Le moteur humain, dont il fallait améliorer le rendement, est l'un des fondements théoriques des luttes du XIXe siècle pour la réduction des horaires de travail (la journée de dix heures était considérée par le patronat comme une menace sur la compétitivité !), la prévention des risques, l'assurance-accidents, etc.
Les derniers chapitres décrivent la façon dont le taylorisme puis le fordisme, venus tous deux des États-Unis, ont bouleversé la science du travail européenne avant d'être intégrés par elle entre les deux guerres.

De la science du travail à la poésie, de la physique au fordisme, de la médecine à la politique, le foisonnant panorama d'une époque à la fois proche et lointaine.

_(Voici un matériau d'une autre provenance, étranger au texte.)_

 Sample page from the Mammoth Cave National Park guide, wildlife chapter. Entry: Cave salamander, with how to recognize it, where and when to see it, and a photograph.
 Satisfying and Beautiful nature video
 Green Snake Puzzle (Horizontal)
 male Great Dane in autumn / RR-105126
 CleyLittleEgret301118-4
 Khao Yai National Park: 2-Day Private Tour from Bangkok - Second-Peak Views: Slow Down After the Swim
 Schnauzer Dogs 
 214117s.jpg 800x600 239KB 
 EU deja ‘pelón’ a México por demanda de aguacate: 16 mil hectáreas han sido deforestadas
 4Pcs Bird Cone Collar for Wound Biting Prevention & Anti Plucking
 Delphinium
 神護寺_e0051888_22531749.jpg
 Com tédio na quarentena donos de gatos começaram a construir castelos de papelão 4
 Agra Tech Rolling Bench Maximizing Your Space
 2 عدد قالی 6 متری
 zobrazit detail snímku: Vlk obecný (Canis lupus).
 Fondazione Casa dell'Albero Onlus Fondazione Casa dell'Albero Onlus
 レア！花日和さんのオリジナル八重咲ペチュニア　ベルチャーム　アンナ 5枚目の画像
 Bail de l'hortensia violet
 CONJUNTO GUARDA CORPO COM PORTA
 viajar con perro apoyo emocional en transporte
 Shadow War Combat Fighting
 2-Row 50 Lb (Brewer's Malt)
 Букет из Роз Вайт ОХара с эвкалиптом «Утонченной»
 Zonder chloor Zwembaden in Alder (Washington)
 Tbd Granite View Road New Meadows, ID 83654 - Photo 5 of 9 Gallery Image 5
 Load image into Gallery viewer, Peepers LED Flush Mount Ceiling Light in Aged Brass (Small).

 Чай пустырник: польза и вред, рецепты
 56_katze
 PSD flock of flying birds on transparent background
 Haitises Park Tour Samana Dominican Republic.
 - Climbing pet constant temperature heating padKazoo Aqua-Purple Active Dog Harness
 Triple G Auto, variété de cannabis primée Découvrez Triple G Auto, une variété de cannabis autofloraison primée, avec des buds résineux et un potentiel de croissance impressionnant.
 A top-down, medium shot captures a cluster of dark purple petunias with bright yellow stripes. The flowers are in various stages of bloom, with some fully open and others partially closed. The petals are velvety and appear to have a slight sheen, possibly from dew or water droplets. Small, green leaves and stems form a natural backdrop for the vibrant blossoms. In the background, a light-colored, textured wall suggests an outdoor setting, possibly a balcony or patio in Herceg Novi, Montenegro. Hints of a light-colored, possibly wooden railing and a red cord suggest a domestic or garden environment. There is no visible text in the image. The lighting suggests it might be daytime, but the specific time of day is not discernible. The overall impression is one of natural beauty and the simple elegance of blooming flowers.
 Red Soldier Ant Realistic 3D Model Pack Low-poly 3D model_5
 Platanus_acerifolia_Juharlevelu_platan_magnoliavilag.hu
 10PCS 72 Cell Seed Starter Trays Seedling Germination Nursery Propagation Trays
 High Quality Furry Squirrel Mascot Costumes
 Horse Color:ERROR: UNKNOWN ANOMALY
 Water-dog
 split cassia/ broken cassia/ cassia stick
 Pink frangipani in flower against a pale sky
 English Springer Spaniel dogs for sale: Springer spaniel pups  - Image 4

« Dans le Moteur humain, Anson Rabinbach retrace cette révolution, en étudiant les multiples imbrications, comme l'indique le sous-titre, entre “l'énergie, la fatigue et les origines de la modernité”. Susceptible d'inaugurer une manière novatrice de faire de l'histoire culturelle des sciences, ce livre éblouit déjà le lecteur par la capacité de l'auteur à exhumer un corpus à vrai dire faramineux, dont on avait perdu jusqu'à la trace. Anson Rabinbach, professeur d'histoire européenne moderne à Princeton, directeur d'études à EHESS à Paris en 1998, épate aussi par les passerelles parfois inattendues qu'il échafaude entre l'histoire, la sociologie, la psychanalyse, la science du travail, la littérature, les arts...
A partir du XIXe siècle, le vocabulaire énergétique s'impose à tous, le travail perdant ses anciennes connotations d'invariant anthropologique plus ou moins sanctifiée ou maudite- pour devenir une force quantifiable. Aussi un consensus s'opère-t-il autour de l'idée que la santé et l'énergie des travailleurs étaient des éléments cruciaux dans le calcul énergétique d'une nation et que l'Etat devait arbitrer les conflits sociaux, en vue de préserver, voire d'augmenter, cette richesse fragile. Marx ne pensait pas autre chose, qui veut mettre les travailleurs au pouvoir, pour finalement abolir le travail. (...)
Modernité culturelle et productivité du travail font bon ménage, comme le montre l'étonnante figure d'Etienne-Jules Marey. Médecin et physiologiste, ce pionnier des tracés et diagrammes médicaux, mais aussi de la chronophotographie et de l'image animée, développa toute une série d'appareils géniaux pour percer le secret de la force de travail et émanciper l'énergie humaine. Bergson fit grand cas de ses découvertes et lui emprunta le langage du temps et du mouvement introduit dans sa description du corps à l'œuvre, de même que Charcot ou Freud, alors que les futuristes, les cubistes et toutes sortes d'avant-gardes artistiques y puisèrent une partie de leur inspiration.
On avait compris que la force de travail n'allait pas sans faiblesse, sous la forme de la fatigue, certes, mais aussi d'un grand nombre de pathologie aussi inédites qu'indiscernables, dont la fameuse neurasthénie, la maladie du siècle. Ce syndrome ne pouvait évidemment apparaître que dans une société vouée à l'énergie, frappant moins les travailleurs manuels que les intellectuels voire les oisifs, comme épuisés face à la mobilisation permanente de la modernité. »
Libération, jeudi 18 novembre, Jean-Baptiste Marongiu.




Anson Rabinbach
Anson Rabinbach, spécialiste de l'histoire européenne du XXe siècle, est professeur d'histoire à Princeton et directeur du centre d'études européennes. Il est a précédemment publié les ouvrages The Crisis of Austrian Socialism: From Red Vienna to Civil War, 1927-1934 et In the Shadow of Catastrope: German Intellectuals between Apocalypse and Enlightenment.